The work is hard, but volunteers “thankful” to serve at Jenness Park – California Southern Baptist Convention

The work is hard, but volunteers “thankful” to serve at Jenness Park

Published Aug 23, 2018

JENNESS PARK — Volunteers help keep Jenness Park going.

Just ask Barry Lloyd, JP’s director.

“I get 30-plus years of work experience or ministry experience, a love for Christ and a love for people coming to know Christ,” Lloyd affirmed. “The volunteers at Jenness Park are priceless!”

“Their breadth of knowledge and application at camp spans maintenance, customer service, first aid and pastoral care,” he noted.

From summer workers to a volunteer who later joined the full-time staff, those who serve at JP, like Julia Berryman, say they are grateful for the opportunity.

“We’re working really, really, really hard, nine to ten hours a day,” Berryman said, “but I love it.”

A member of Sequoia Heights Baptist Church in Manteca, she is a school teacher who served for 10 years as director of “district camps” at JP. The original three associations that owned Jenness Park hold their own events each summer for children and youth.
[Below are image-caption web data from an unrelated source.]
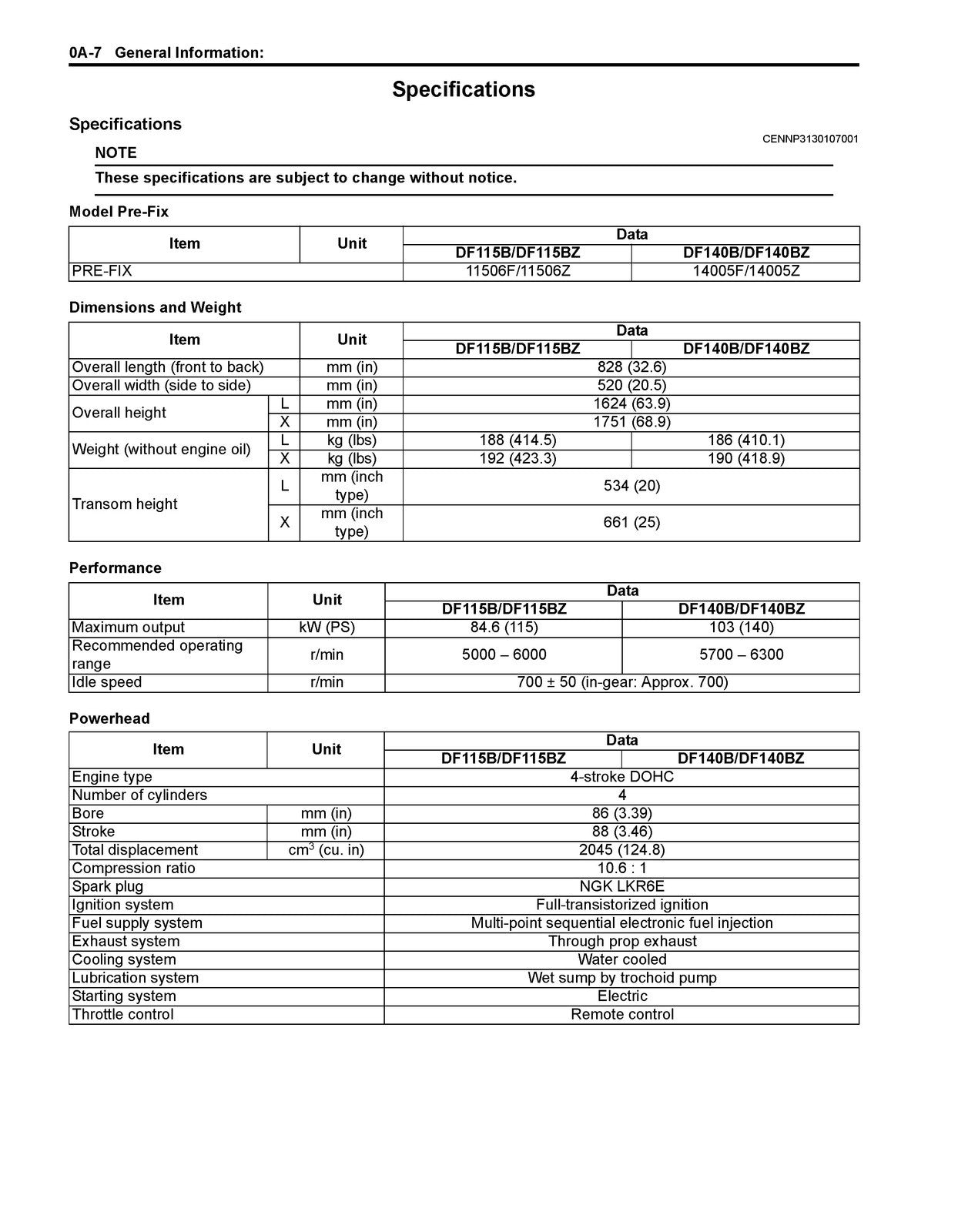 SUZUKI DF115B DF115BZ DF140B DF140BZ SERVICE MANUAL - WIRE BOUND - TOUGH COVERS
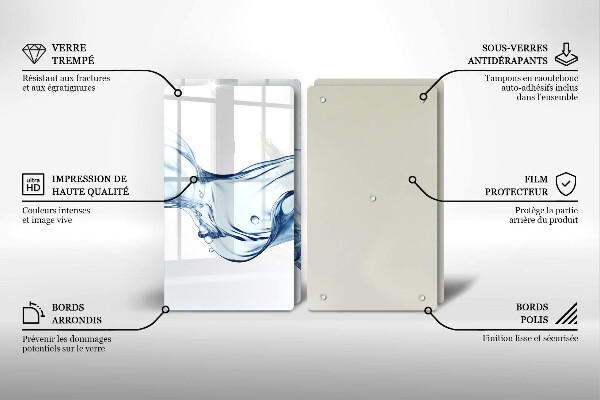 Osłona płyty indukcyjnej Krystaliczna woda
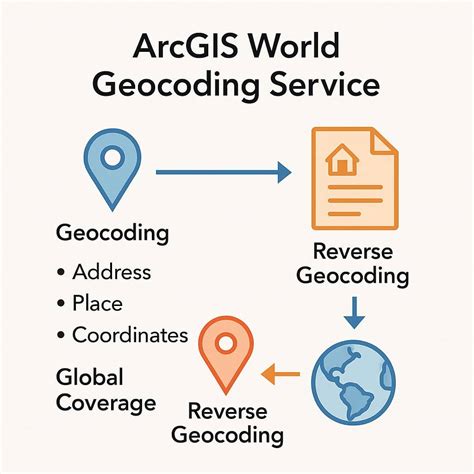 Image result for ArcGIS Pro Network Analyst Tutorial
Berryman said that, since she has summers free, staying home can become boring.

“You can buy plants and decorate your house, but you can’t invest in kids.”

Berryman said one of her favorite parts of serving at camp is hearing the students’ stories in chapel gatherings, and “interacting with the kids.”

She added she’s “so thankful to be able to give back to a ministry like Jenness Park that’s given so much to me over the years.”

Rhonda Tingle feels the same way. She volunteered one week one summer when her grandson was at camp, and enjoyed it so much she decided to serve for a whole summer.

“I saw how God blessed it,” Tingle said of Jenness Park.

She is working this year in the kitchen, helping prepare and serve meals for the hundreds of campers who attend CentriKid and FUGE camps, as well as other campers.

“It’s a great group of kids they bring to work in the kitchen,” Tingle said, acknowledging that the work is hard, but rewarding.

Her favorite part of the summer is the “bell-ringing on Saturday. It’s the highlight of the week,” she said of the “ceremony” when campers ring a special bell to signify that they’ve made a profession of faith in Christ during camp.

Like Berryman and Tingle, Charles Reeves was a summer volunteer for three years. But some five years ago, he moved into a full-time position at JP.

He has served in different roles, but the area in which he has worked most is the accommodations team.

In 2011, at age 19, his mother encouraged him to volunteer for the summer, and he felt as though JP was where God was calling him.

“Barry was the person who my mother talked to, to get me here,” Reeves said. “Then when Barry got a promotion, he hired me to be staff and he has been my mentor.”

In the time Reeves has served at JP he hopes that in some way every person who has come through the camp he was able to impact.

Reeves said he has grown in many ways and now, with his wife of a year-and-a-half, he believes his time at Jenness Park has come to an end.

“The same reason I’m here is the same reason I’m leaving — because God called me,” Reeves said.

He added that over his last year at JP he has felt God tell him, “I want you to prepare.” He is unsure what he has been preparing for, but he has faithfully listened.

As the summer camping season closes, so does Reeves’ time there. He will move with his wife, who has a job at a school in Colorado, and wait to see what God has prepared for them.

“The volunteers at Jenness Park are a great asset to the ministry as a whole,” Lloyd said of the variety of those who serve. “We love them!”